• THE RECORDS:
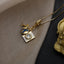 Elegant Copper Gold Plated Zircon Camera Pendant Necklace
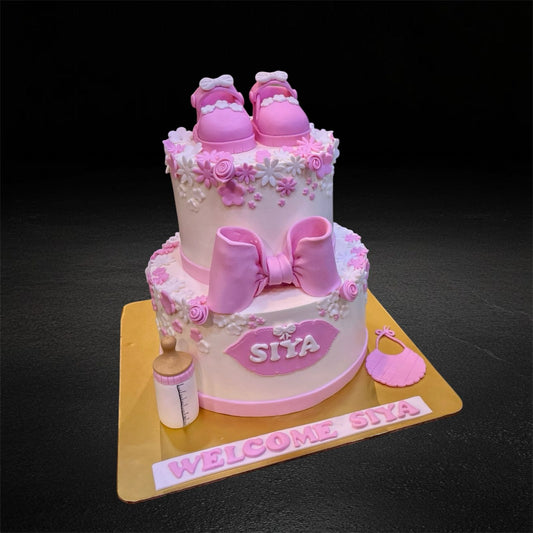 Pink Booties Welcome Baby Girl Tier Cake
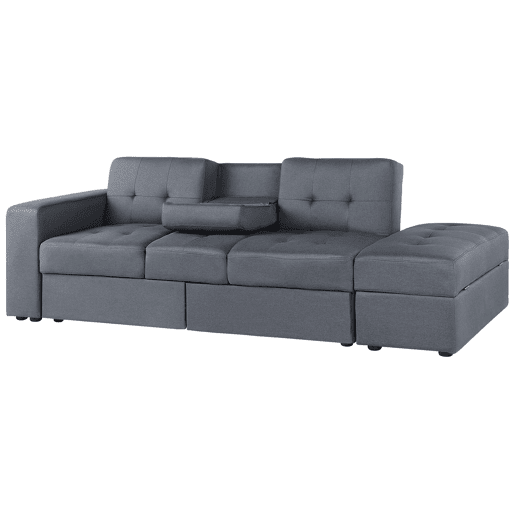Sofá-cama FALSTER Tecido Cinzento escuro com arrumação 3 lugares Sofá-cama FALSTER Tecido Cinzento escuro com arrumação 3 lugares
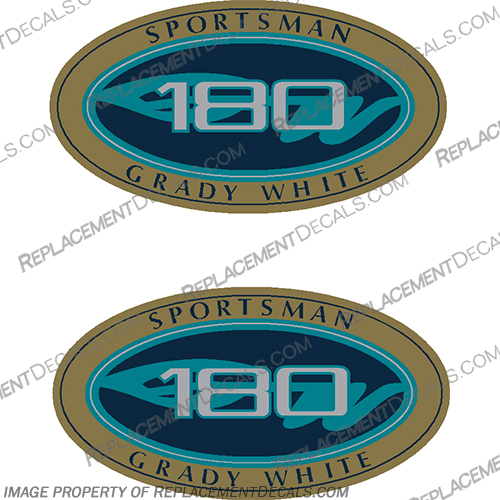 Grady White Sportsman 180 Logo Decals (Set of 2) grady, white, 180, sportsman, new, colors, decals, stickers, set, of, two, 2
---
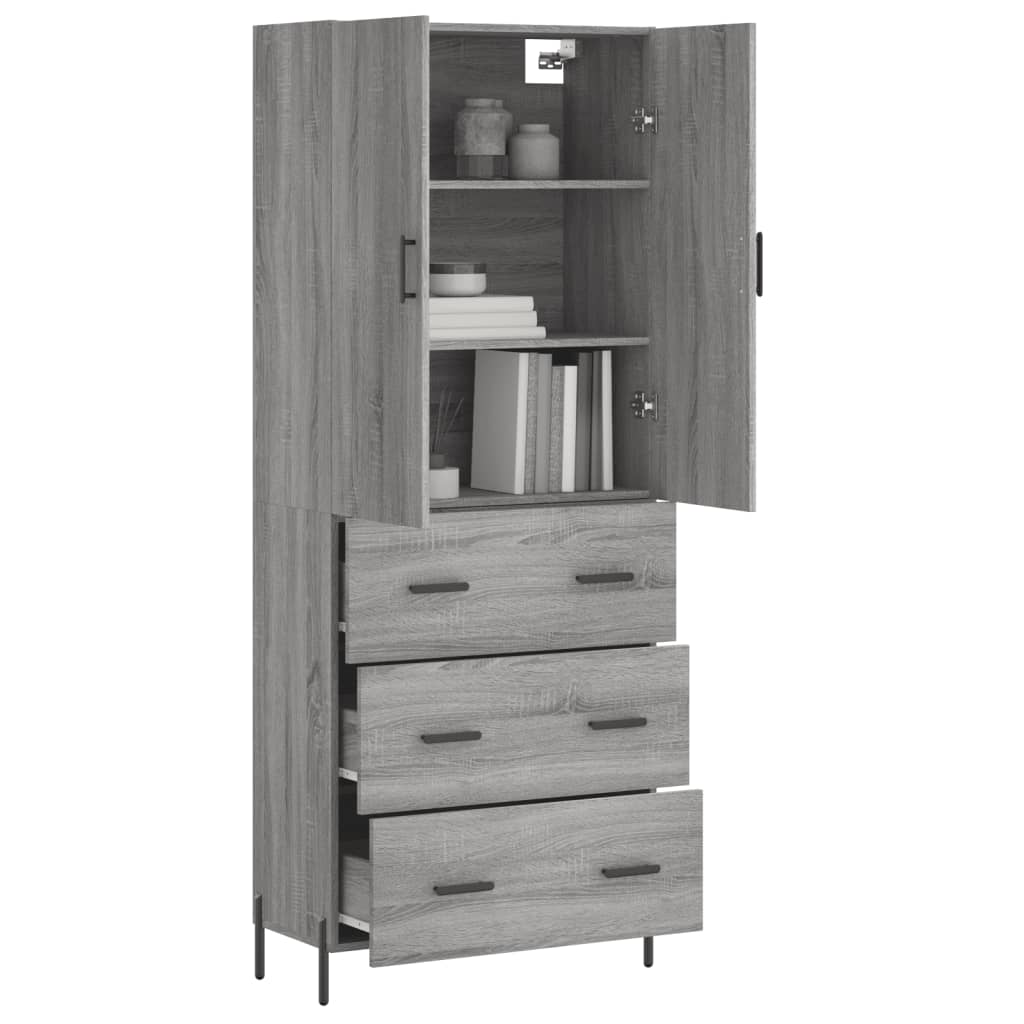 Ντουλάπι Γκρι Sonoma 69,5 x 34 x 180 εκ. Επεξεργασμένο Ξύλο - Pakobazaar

• EXERCISE:
Within the listing above, copy exactly the lines that start at the one with "Pink Booties Welcome Baby Girl Tier Cake" and continue through the one with "3 lugares Sofá-cama". Omit pictures.

• SOLUTION FOR THIS PROBLEM:
 Pink Booties Welcome Baby Girl Tier Cake
Sofá-cama FALSTER Tecido Cinzento escuro com arrumação 3 lugares Sofá-cama FALSTER Tecido Cinzento escuro com arrumação 3 lugares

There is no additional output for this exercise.